A rally above that level could develop rapid upside, lifting this small-cap leader into round number resistance at $10.00. On the flip side, a reversal and downturn should hold above the midpoint of the Feb. 7 wide range rally bar, with a decline just below $6.00 offering a potential pullback buying opportunity. Average volume has now exceeded 400,000 shares per day, but the stock continues to trade with a relatively wide spread, so it makes sense to use limit orders for trade execution.

Technical chart showing the share price performance of Zix Corporation (ZIXI)

Zix Corporation (ZIXI) provides e-mail encryption and device security services for the health care industry from its Dallas headquarters. The stock fell to an all-time low at 51 cents in 2006 and turned higher, topping out at $6.24 in December 2007. It posted a higher low at 88 cents following the 2008 economic collapse and stair-stepped higher in a shallow pattern that finally completed an 11-year round trip into the prior high in May 2017.

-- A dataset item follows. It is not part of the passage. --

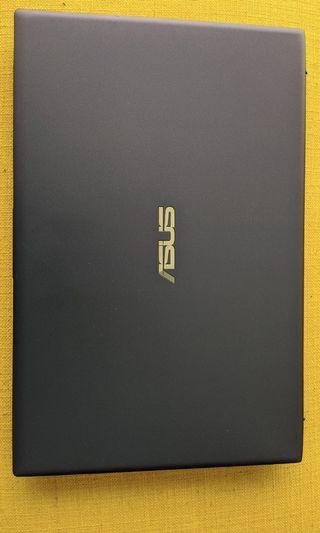 Asus Vivobook 14 - peacock blue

A pullback into February 2018 printed the seventh higher low of the decade, ahead of a February 2019 breakout that has now reached a 14-year high at $8.60. The stock has gone straight up since the Jan. 15 low at $5.34, posting an unsustainable 61% rally, predicting that it will soon turn lower to shake out weak hands. A pullback that settles near new support at $6.50 could offer a low-risk buying opportunity, ahead of a secondary rally impulse that reaches the double digits.

Technical chart showing the share price performance of Camtek Ltd. (CAMT)

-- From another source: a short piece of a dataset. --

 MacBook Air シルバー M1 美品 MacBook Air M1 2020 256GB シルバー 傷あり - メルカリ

Israel's Camtek Ltd. (CAMT) designs and sells measuring equipment for the semiconductor industry. The company came public near $6.00 in August 2000 and posted an all-time high at $11.50 just one month later, ahead of a steep decline that ended at 31 cents in 2003. Higher lows in 2009 and 2013 preceded upticks that stalled well under the prior high, while a 2016 higher low generated a bounce that reached within 39 cent of resistance in August 2018.

The stock nearly got cut in half into December, finding support at $6.29, ahead of a recovery wave that is now trading about two points under the 2018 high. Accumulation has risen back to 2018 levels, raising the odds for a final buying surge that reaches resistance ahead of a multi-decade breakout into the upper teens. However, patience is needed with this play because it has just crossed the 200-day EMA for the sixth time in four months, predicting continued basing action around the $7.50 level before directional momentum takes hold.

The Bottom Line

Single-digit stocks are exhibiting unusual first quarter strength, predicting continued upside as long as the market-leading Russell 2000 small-cap index keeps adding points.